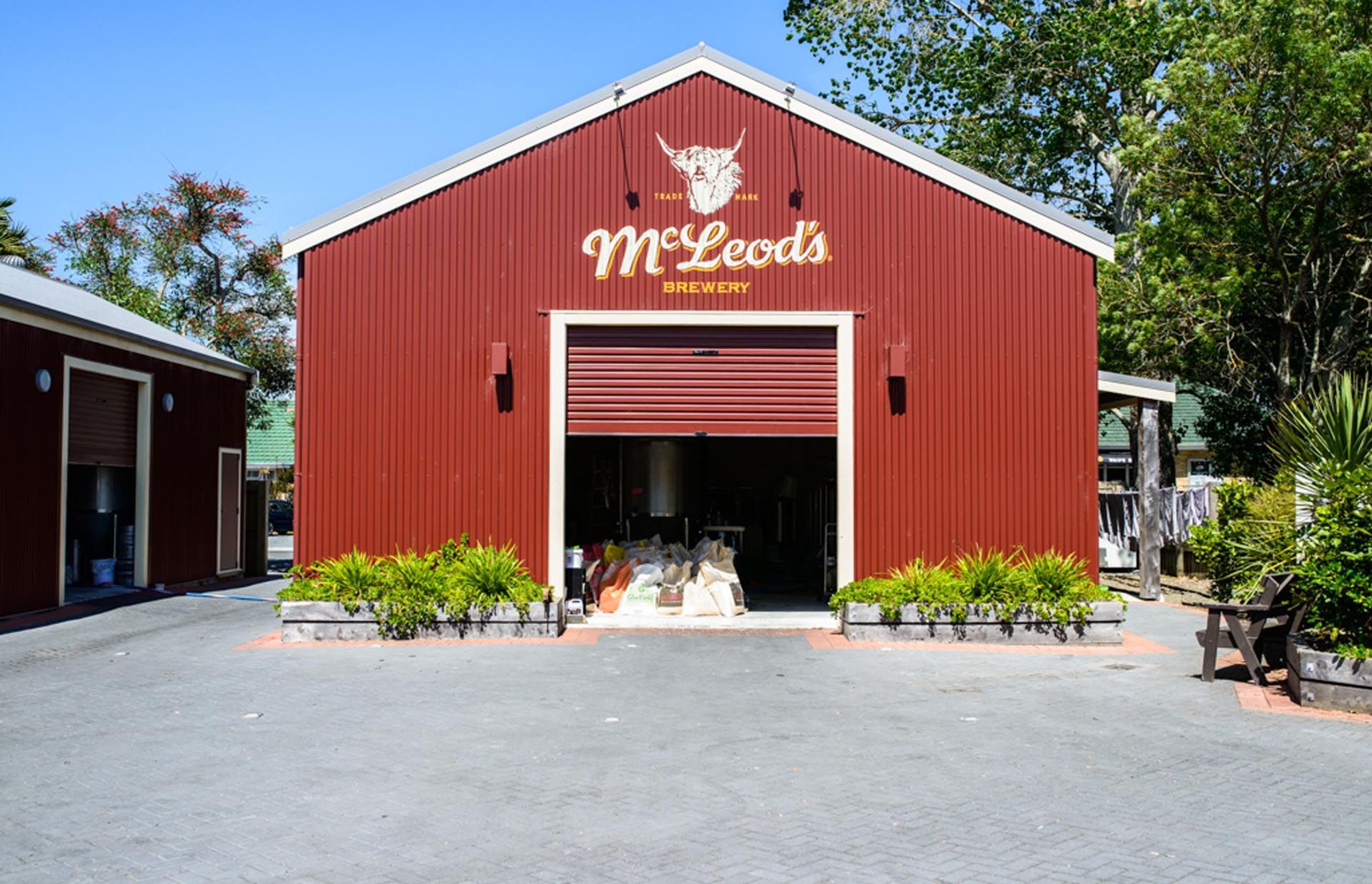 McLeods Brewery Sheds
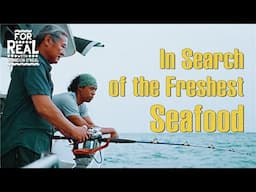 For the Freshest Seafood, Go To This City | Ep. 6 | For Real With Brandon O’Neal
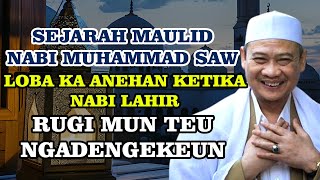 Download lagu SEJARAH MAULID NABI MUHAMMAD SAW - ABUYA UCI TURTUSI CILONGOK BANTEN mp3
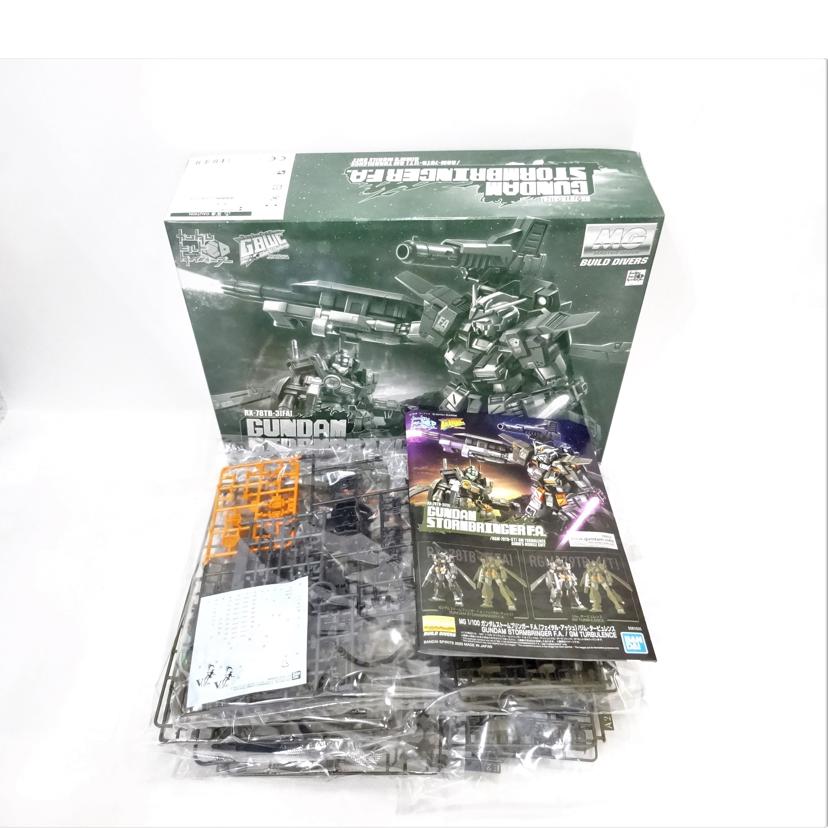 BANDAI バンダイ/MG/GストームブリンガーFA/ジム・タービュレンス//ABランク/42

======

→ **Task to complete**
The copy has to start at the line that contains "Download lagu SEJARAH" and end at the last line of the material above, matching the original exactly and holding no pictures.

→ **Your response**
 Download lagu SEJARAH MAULID NABI MUHAMMAD SAW - ABUYA UCI TURTUSI CILONGOK BANTEN mp3
 BANDAI バンダイ/MG/GストームブリンガーFA/ジム・タービュレンス//ABランク/42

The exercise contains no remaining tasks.